There was scarcely a person who was in the habit of frequenting the vicinity of this pond, but was in some degree affected by its exhalations. About twenty persons were violently seized with fevers similar to the above, all of which could be traced to this source. All recovered but the two first cited cases.

My treatment of this fever was ;

  • 1st. Venesection. This I generally repeated from two to four or five times, according to the inflammatory action of the system. In one case where the pulse was too frequent to be numbered, it rendered it slower and much more distinct.
  • 2nd. Emetics. These I seldom exhibited unless they were indicated by a nausea or vomiting.
  • 3d. Cathartics. These I administered very liberally, generally consisting of calomel, or calomel combined with jalap ; or with tartarised antimony. They were administered every day at first, and every other day afterwards, or oftener if evacuations were indicated.
  • 4th. Epispastics. These were generally applied after the second bleeding, and sooner if a stupor, delirium, or subsultus tendinum was threatened ; or when the vomiting proved obstinate.
  • 5th. Alkalies. Soda was generally preferred where the stomach would receive it; otherwise the aqua ammonite acetatae, or in a state of effervescence.
  • 6th. Febrifuges, consisting of nitrous powders combined with soda and tartarised antimony, given so as to dissolve in the stomach.
  • 7th. Calomel. Whenever the symptoms were alarming, I always gave calomel in small doses to produce an affection of the salivary glands. Though I must confess I always gave it with reluctance, and not till the state of my patient rendered it absolutely necessary.
  • 8th. Lavations. I made it a constant rule to have my patients thoroughly washed with strong soap-suds, or a solution of pearl-ash, twice a day and sometimes oftener.
  • 9th. Cold. When the feverish heat was great, I generally applied cold water, or vinegar and water, to the body generally.

All these cases of fever had completely subsided in January, 1806; and no new case occurred till the summer following, when it returned with redoubled force, and in a much greater variety of instances. It was now evidently traced to a new source. In the summer of 1804, a mill dam had been erected across the northern branch of the Mohawk river adjoining the village. This dam set the water back into a creek which in the summer had always been dry. The trees and a luxuriant vegetation completely excluded the rays of the sun from this creek through the summer following. In the winter of 1805 and 6, all these trees were cut down for fire-wood. Nothing any longer excluded the solar rays, they burst with full force upon the creek, into which a profusion of vegetables andthe offals of animals had been thrown. The process of putrefaction now commenced and evolved an exhalation of deleterious gas that soon affected the inhabitants in its vicinity. About fifty persons resided near the bank of this creek: not one ot these escaped an attack of a bilious remitting or typhous fever, and most of them were sick, during the whole season. They uniformly complained of the fetid effluvia which emanated from this creek ; which were most offensive early in the morning. The fever gradually progressed to persons more remote, till it arrived at Broad street, which runs east and west through the centre of the village. North of this line, very few cases occurred during the whole season, while in the south, I have enumerated 150, and most of these in the immediate neighbourhood of the creek. The symptoms were very similar to those I have described for the preceding year, excepting the liver and alimentary canal, which were now more particularly the seats of disease. In one case an abscess that had formed in the liver discharged large quantities of pus through the intestines per anum.
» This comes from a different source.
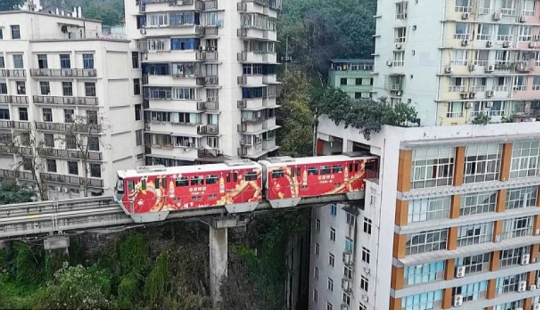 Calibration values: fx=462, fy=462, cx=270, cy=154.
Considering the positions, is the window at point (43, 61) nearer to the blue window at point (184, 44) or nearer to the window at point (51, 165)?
the window at point (51, 165)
A copious discharge also issued from the cavity of the abdomen, through the right iliac region, and also through the scrotum. These discharges continued with great profusion till the patient expired. The cases continued to increase during the latter part of June and July with astonishing rapidity. The mortality, however, was not proportioned to the menacing attitude which the fever assumed. Of two hundred cases during the months of June, July and August, but one proved mortal. The treatment was so nearly similar to that which I have already detailed, that I conceive an account of it here to be entirely superfluous. As the summer declined, the remitting type gradually yielded to the quotidian intermittent. A few cases of dysentery appeared with some symptoms of malignity. They were however soon cured by the same treatment that had been used for the fever. This is a corroborative proof of the Febris introversa of the illustrious Sydenham. Women and children, who were confined generally to their houses, and lived within the influence of their exhalations, were subject to frequent relapses, which proved extremely obstinate, while those persons whose occupations led them to the healthy part of the village, generally enjoyed good health, after they had completely recovered from the first attack.

I could observe no uniform regularity in the different crises of those fevers. They variously occurred on every day from the ninth to the twenty first.
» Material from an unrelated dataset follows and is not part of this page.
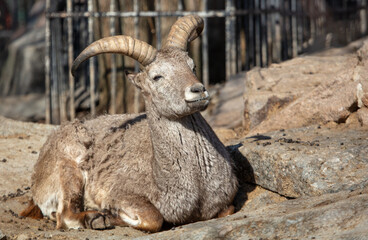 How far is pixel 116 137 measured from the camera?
6.86 metres

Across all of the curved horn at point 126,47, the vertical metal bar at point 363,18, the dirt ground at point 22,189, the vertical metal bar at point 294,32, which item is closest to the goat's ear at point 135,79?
the curved horn at point 126,47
During the month of September, the fever was entirely of the intermitting type, and it had totally ceased by the last of October. As it declined, the dysentery returned in a variety of cases, accompanied with a few instances of pertussis.

It may be proper to remark, that during the months of June, July, and August, I never found a single case of” intermitting or remitting fever in which the exhibition of the bark was not succeeded by manifest injury. After the first of September, when the intermissions became distinct, and depletion, and the usual evacuations had been premised, the bark was administered with the most complete success; very few cases, however, now occurred that required bleeding.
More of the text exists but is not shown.